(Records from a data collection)
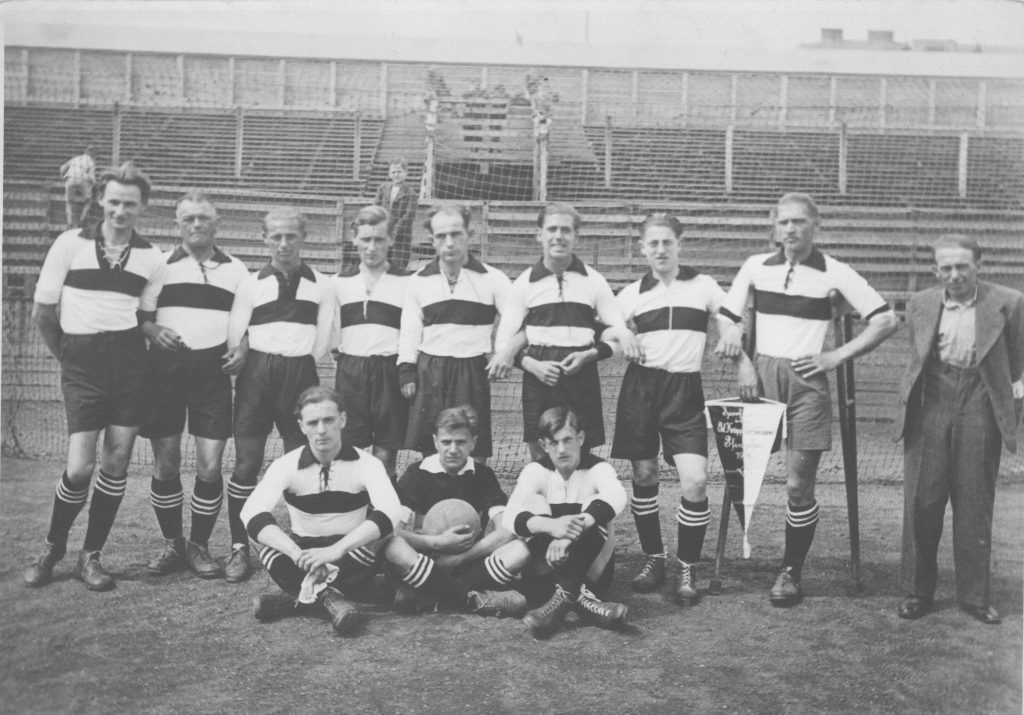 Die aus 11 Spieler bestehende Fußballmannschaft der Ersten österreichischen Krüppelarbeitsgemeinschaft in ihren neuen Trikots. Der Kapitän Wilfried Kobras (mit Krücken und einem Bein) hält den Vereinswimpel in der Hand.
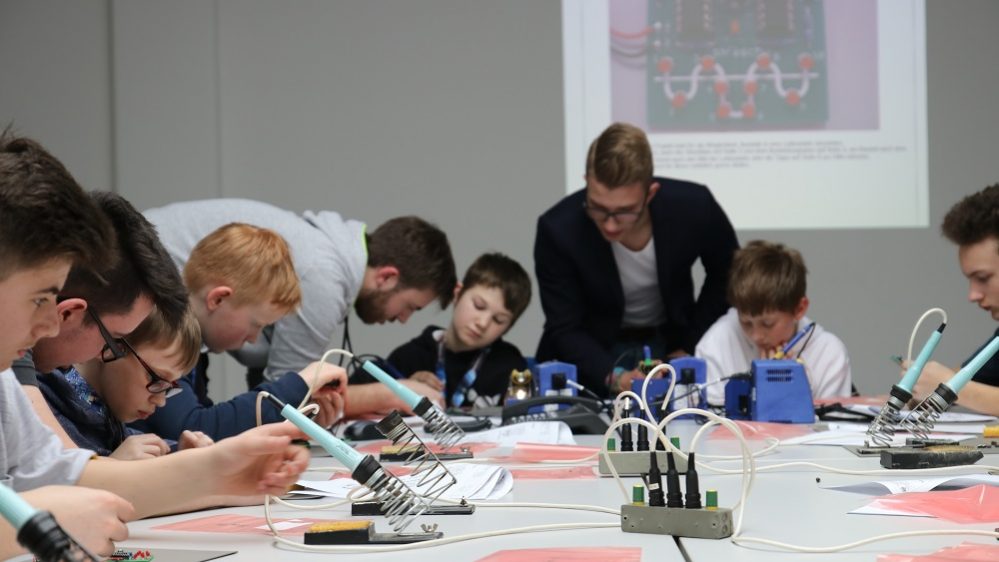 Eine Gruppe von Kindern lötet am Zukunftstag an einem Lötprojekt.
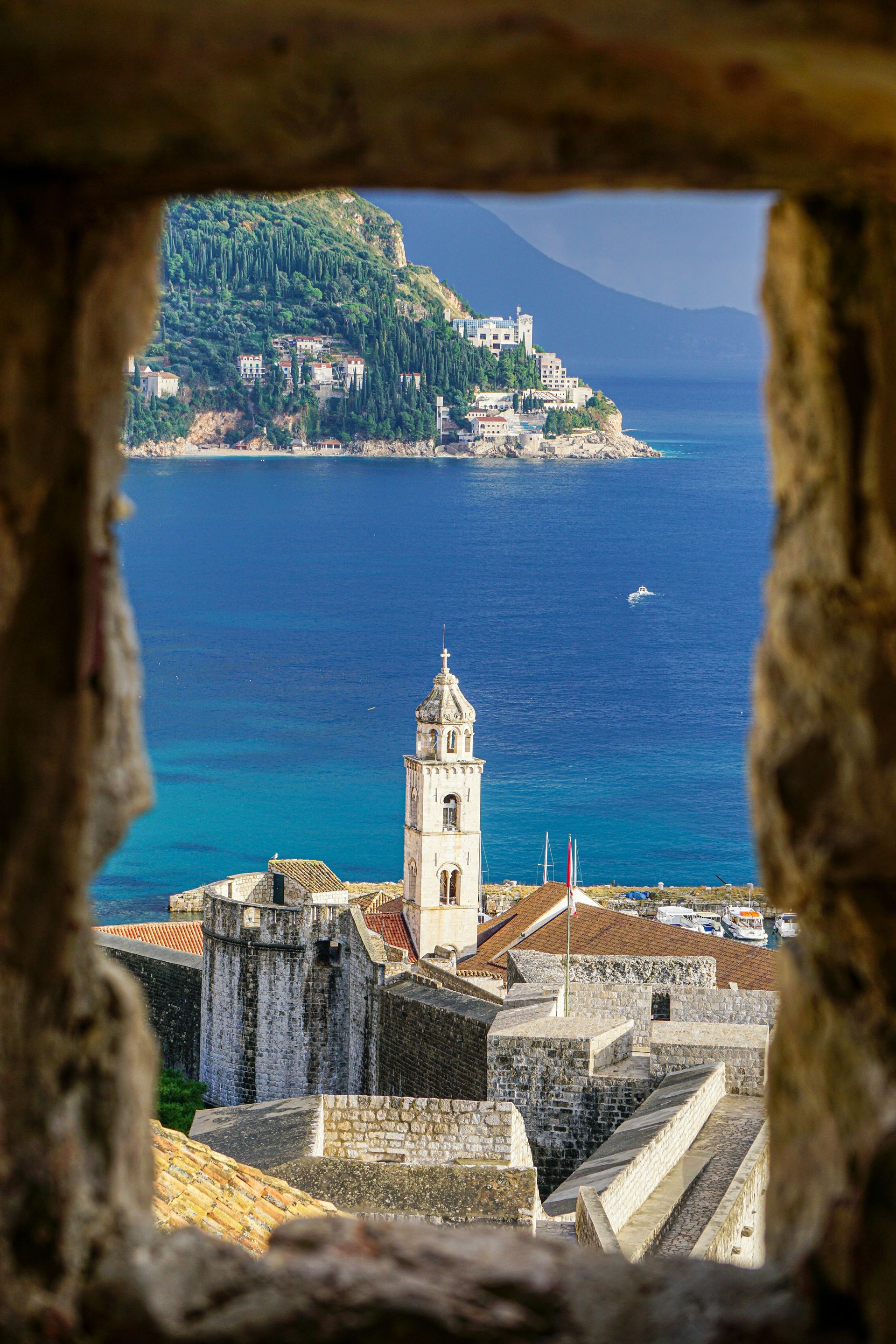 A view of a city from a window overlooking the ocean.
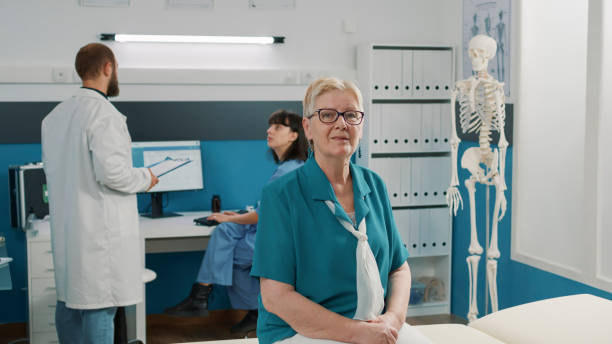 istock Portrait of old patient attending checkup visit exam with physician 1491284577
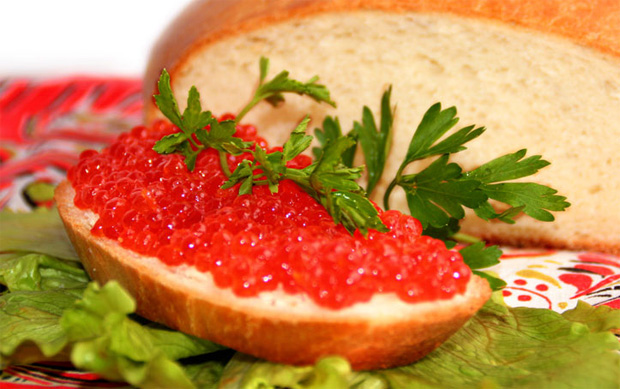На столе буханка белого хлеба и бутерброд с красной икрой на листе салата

Task item - Repeat, exactly and only, the lines from the one containing "A view of a" through the final line of the data, both ends included, leaving out any picture.

Solved exercise -
 A view of a city from a window overlooking the ocean.
 istock Portrait of old patient attending checkup visit exam with physician 1491284577
На столе буханка белого хлеба и бутерброд с красной икрой на листе салата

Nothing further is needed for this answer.